Exact copy, pictures excluded: set down only the lines from the one with "Businessman's hands counting" through the end of the entries, keeping both end lines.
### Listed entries ###
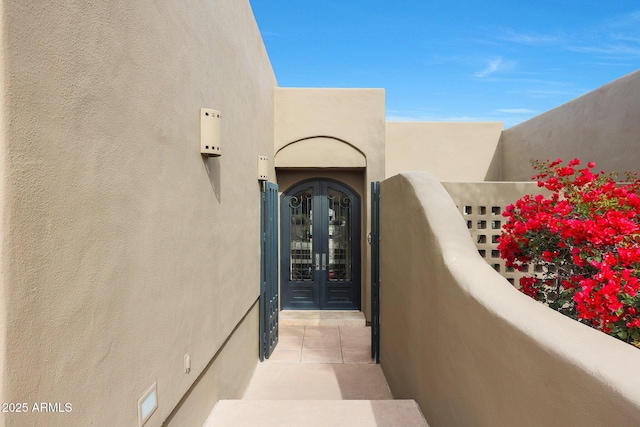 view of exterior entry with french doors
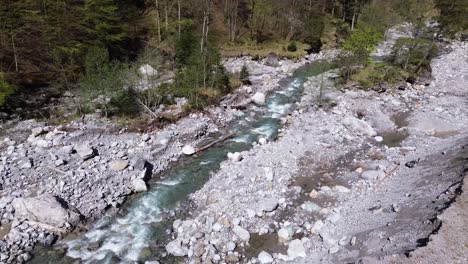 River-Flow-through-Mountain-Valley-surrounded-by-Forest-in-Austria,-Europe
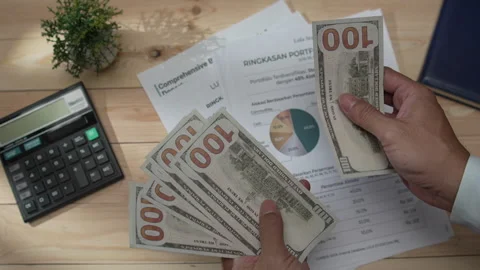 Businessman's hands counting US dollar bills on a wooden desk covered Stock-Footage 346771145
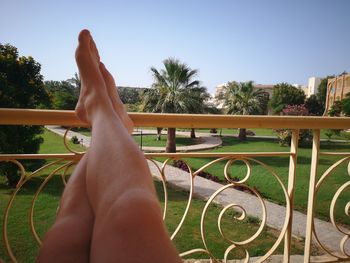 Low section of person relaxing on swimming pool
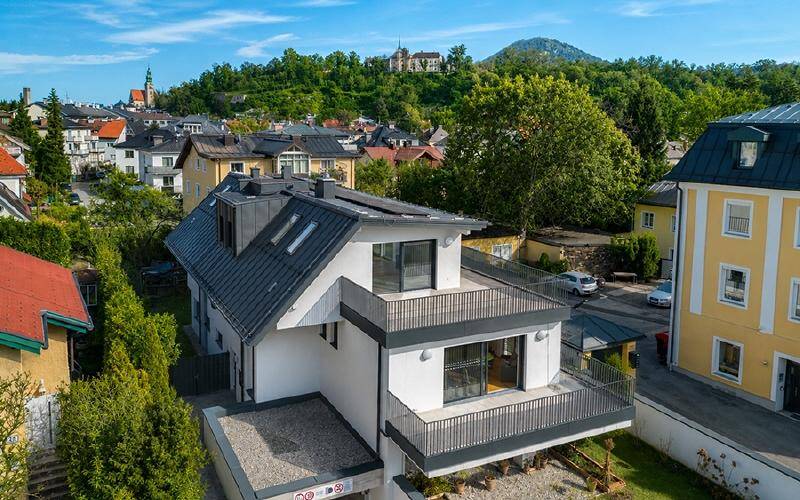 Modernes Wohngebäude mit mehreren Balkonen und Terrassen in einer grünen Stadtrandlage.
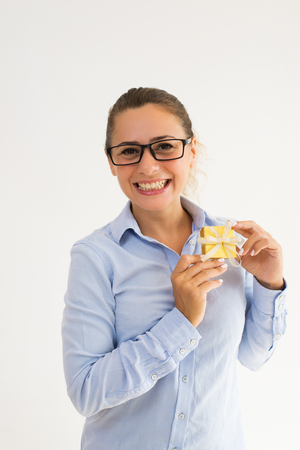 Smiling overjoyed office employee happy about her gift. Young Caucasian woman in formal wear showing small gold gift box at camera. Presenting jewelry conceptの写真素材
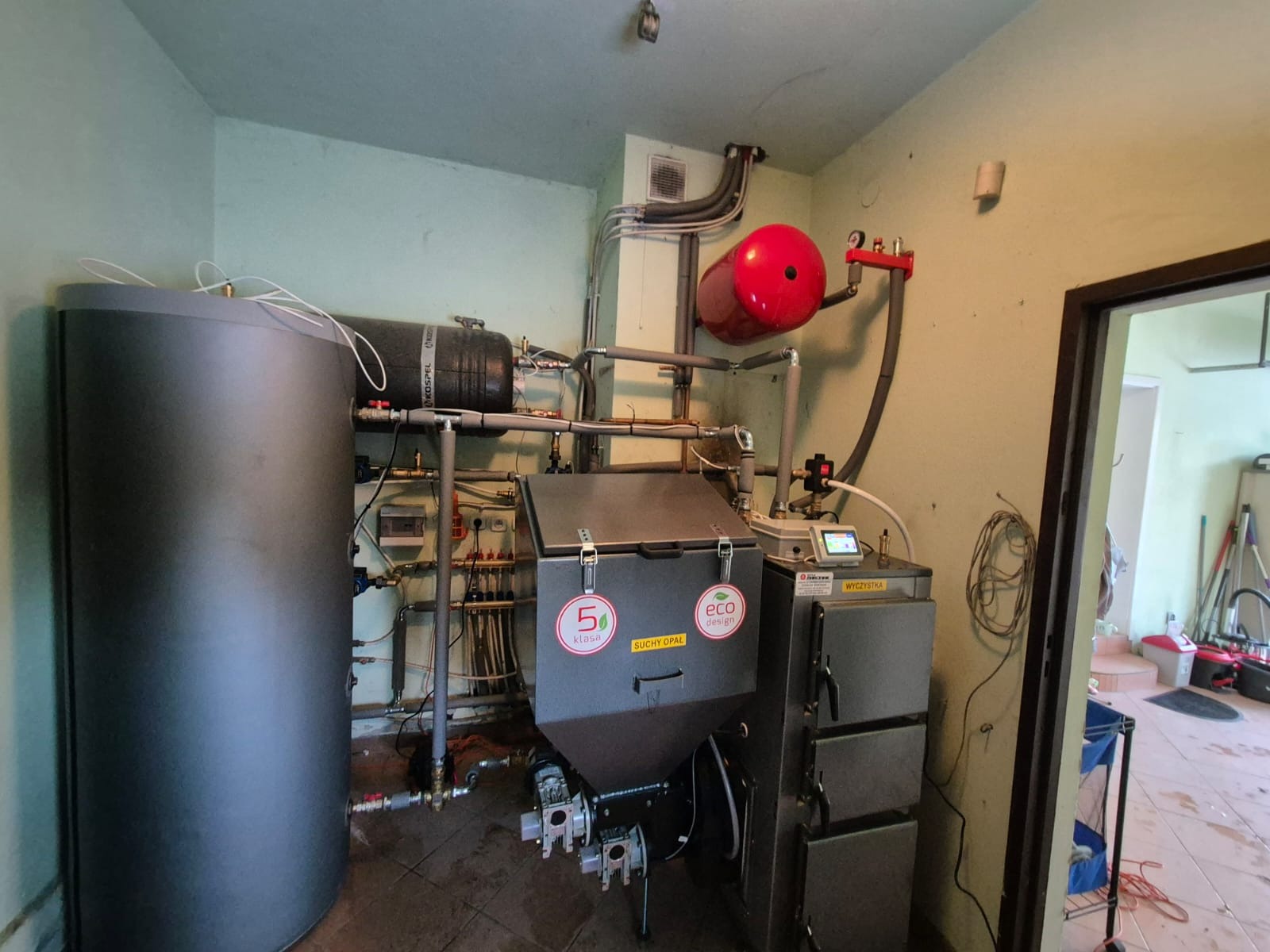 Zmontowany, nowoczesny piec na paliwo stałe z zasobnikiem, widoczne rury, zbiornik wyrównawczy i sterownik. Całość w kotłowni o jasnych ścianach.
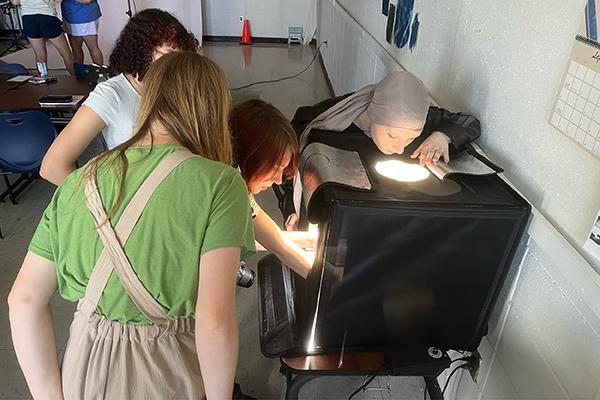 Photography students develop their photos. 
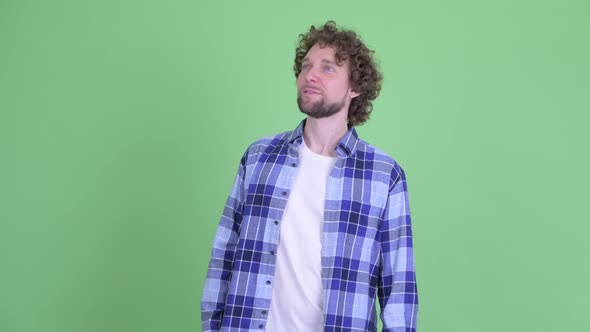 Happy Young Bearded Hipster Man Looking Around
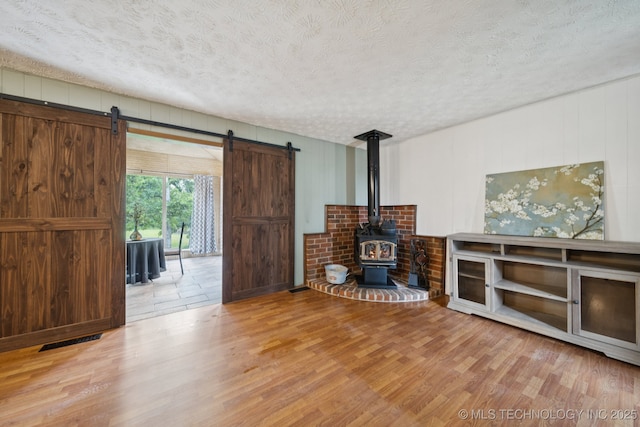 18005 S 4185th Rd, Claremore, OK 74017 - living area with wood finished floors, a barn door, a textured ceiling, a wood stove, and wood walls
###
(Answer)
 Businessman's hands counting US dollar bills on a wooden desk covered Stock-Footage 346771145
 Low section of person relaxing on swimming pool
 Modernes Wohngebäude mit mehreren Balkonen und Terrassen in einer grünen Stadtrandlage.
 Smiling overjoyed office employee happy about her gift. Young Caucasian woman in formal wear showing small gold gift box at camera. Presenting jewelry conceptの写真素材
 Zmontowany, nowoczesny piec na paliwo stałe z zasobnikiem, widoczne rury, zbiornik wyrównawczy i sterownik. Całość w kotłowni o jasnych ścianach.
 Photography students develop their photos. 
 Happy Young Bearded Hipster Man Looking Around
 18005 S 4185th Rd, Claremore, OK 74017 - living area with wood finished floors, a barn door, a textured ceiling, a wood stove, and wood walls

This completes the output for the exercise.